We of the left are still tending to delude ourselves in assuming that Trump supporters will come around to our point of view. We couldn’t believe that people would vote for someone as awful as Trump, and we were wrong. Now we assume that people will soon wake up to his awfulness and reject him. But it’s far from that simple. The root of the problem goes far deeper than lack of information or errors in calculating self-interest. Trump emerges from a collapse of trust – and that is not easy to reverse.
I know something about trust. I’ve written a book about it (Trust in a Complex World). And one thing I know is this: if you think trust and harmony will restored by others finally seeing that you are right, you will be sadly disappointed.
We of the Left look and Trump and see someone who constantly violates our deepest values, and assume therefore that anyone who supports him must be evil. Those of us who are comfortable in the current system – well-educated, benefiting from globalization, loving the growing diversity of music and food and culture around us – see him as a destroyer of the good. Those who consider ourselves expert on some part of the system – economics, or international affairs, say – see him taking reckless actions  that may blow everything up, and we assume everyone else will eventually see the danger.

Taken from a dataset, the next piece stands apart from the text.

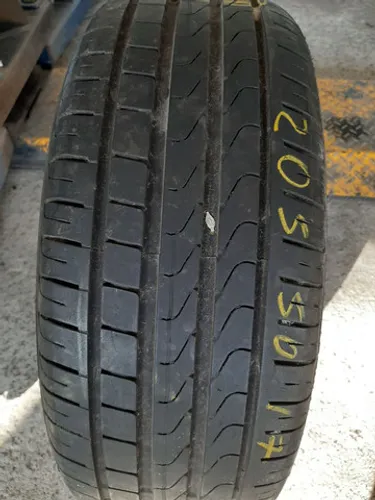 Pneu 205 50 17 Pirelli P7 Civic usado cinturato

But here’s what Trump’s supporters see: they see a world that for decades has undermined their communities, criticized their moral codes, weakened their status; they see a future that will increasingly marginalize their way of life; they see a leadership elite that is utterly alien to their sense of what’s right – a bunch of people on the coasts who love things that they hate and hate things that they love, who do not respect them, who treat them as idiots and boobs. And in Trump they see a guy who promises to break that elite, who delights in mocking them and enraging the pundits and the experts and the educated. Whether or not they agree with specific policies, Trumpists see a validation of their way of life for the first time in generations. And the more we object and protest, the more they feel Trump must be on the right track. For them, the fact that Trump is violating rules left and right is not a failing, it’s a virtue.
So what we have is a vicious circle of mistrust, one of the most dangerous of human phenomena. It has led throughout history to wars and mass destruction. When views get polarized in this way, the worse things get the more dug in the sides become. Opposition fuels a self-fulfilling prophecy. Things can literally never get bad enough that people stop and say, “Oh, we were wrong” – because they can always  blame failure on the opposition’s resistance.
We are in danger of that terrible dynamic. We of the Left talk a lot about inclusiveness, but we have done a very poor job of including much of the country. Now we’re finding ourselves forced into the position of claiming that half the citizenry is deluded or evil or stupid. That should make us uncomfortable – indeed, it should be completely unacceptable to us. But we are falling into the old pattern of saying if only those who disagree with us didn’t disagree with us, everything would be all right.
The vicious circle of mistrust won’t fix itself. It won’t end because our opponents see the light. It won’t end because our moral view of the world triumphs. It will not end with the victory of one side. It will end when the vast majority of the country – not 51%, but 75% or more – build together a sense of the future that they can all live with and live in. The only way to stop the spiral towards mutual destruction is to connect, to forge new relations of inclusion and understanding, across the lines. And the place we can start, those of use on the Left, is by understanding better where the Trumpists are coming from, rather hurling insults at them.